Companies consistently show they don't care about talent, nor do they encourage retention. If they want to stay a revolving door, why hope that working harder will get you noticed?
Demiurge|2 years ago
bugglebeetle|2 years ago
I think you’ve confused unions with management.
metabagel|2 years ago
You're thinking of management.
komali2|2 years ago
I can see how, especially in the USA, this might be what you hear. Are you open to some simple facts on the ground illustrating how this isn't really accurate?
In terms of contributions, the results are real and measurable: https://www.epi.org/publication/briefingpapers_bp143/ on average 20% increase in wages and 28% increase in total compensation. Typically wages increase across the board, however lower-wage workers see higher percentage increases. That doesn't equate to higher-wage workers getting lower wages in unionized industries, though. There's a concept called "the union wage premium" that holds time and time again, wherein union jobs, no matter the skill level, on average pay 10% more.
Union workers also usually have better pension plans and more vacation time.
> I also don't think that people should all get the same pay or collectively bargain. Some people work harder, invest more in their skills, bring a better attitude, etc. They should get paid more.
Unions aren't communist dictatorships, depending on the union and industry there'll still be pay tiers based on seniority and skill. And, on average, you will simply see higher pay, no matter your skill level. If you truly believe that you're the 1% of stellar worker and are compensated as such, and might make less under the union, first I'd point out that that doesn't really happen, and second I'd point out, there's always a better worker. Seems to me better to err on collective bargaining and seeing your coworkers as allies rather than your bosses, considering incentives.
Not to mention wages aren't the only thing on the table: benefits like time off, health care, whether the company can lay a bunch of people off, etc, are all protections you simply can't bargain for on your own no matter what kind of 100x engineer you are. See: all the stellar engineers that Google laid off (after they axed the contractors, they came top down from their priciest engineers it seems!).
I would challenge you: from whom are you typically hearing anti-union propaganda? In my experience it's from people and entire industries that are clearly and objectively financially motivated to be opposed to unions.
throwaway0665|2 years ago
If workers felt that a good attitude and honing their skills would get them paid more than being a part of a union they wouldn't join.
yaomingite|2 years ago
Union membership is 10% in the United States.
rickydroll|2 years ago
StudyAnimal|2 years ago
Clearly it’s not a case of one being better than the other.
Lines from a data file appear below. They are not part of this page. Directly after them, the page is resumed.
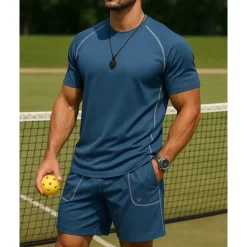Men's Stripes Sports Set Tennis Set Two-piece Suit Short Sleeves Sweat-Wicking Moisture Wicking Breathable Tennis Golf Pickleball Crew Neck Black Royal Blue Khaki Tennis Clothing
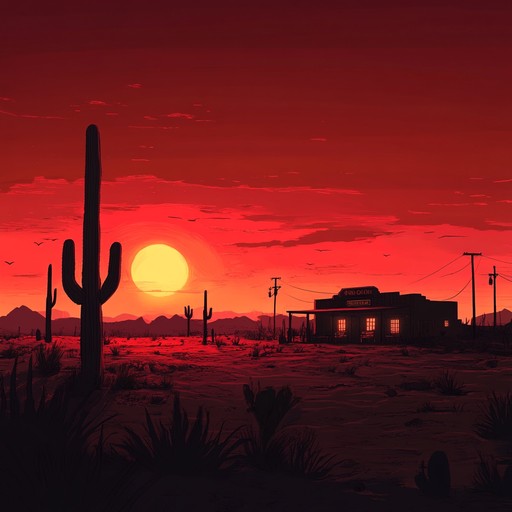 A slow, sultry instrumental piece that transports listeners to a time of rugged cowboys and crimson sunsets over dusty plains. The combination of spanish guitar and gently urging harmonica creates a steamy atmosphere, evoking images of languid dance moves under the soft glow of lanterns in an old western saloon, with the scent of whiskey and leather thick in the air.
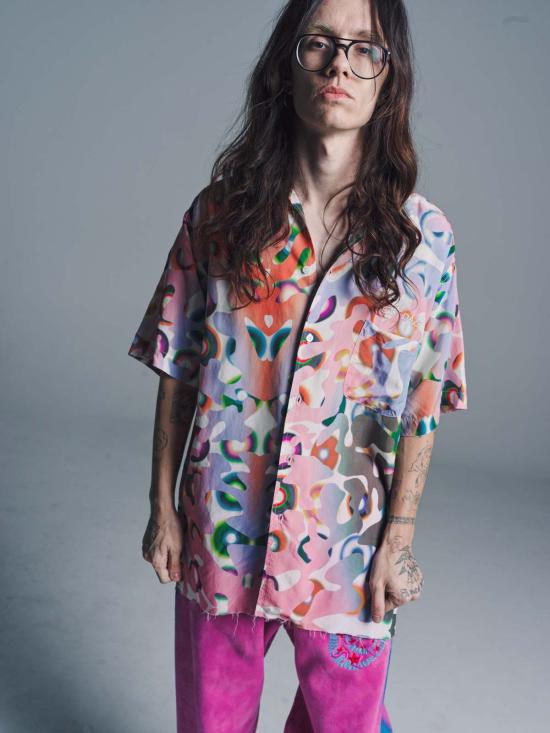  로스트 데이즈 반팔 셔츠 레이디얼 새틴 캠프 - LOST DAZE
It’s great we have the choice. Unions are good for some types of people and job but terrible for others.
earthwalker99|2 years ago
defrost|2 years ago
That's possibly a function of the unions you've directly encountered, or some personal bias of your own.
> I also don't think that people should all get the same pay
See, you already have something in common with all the unions I've ever encountered.
If somebody brings something tangibly extra to a job then they deserve a better job title and pay bracket. Unions support this- higher pay for leading hands, for skill levels, for having first aid certification, etc.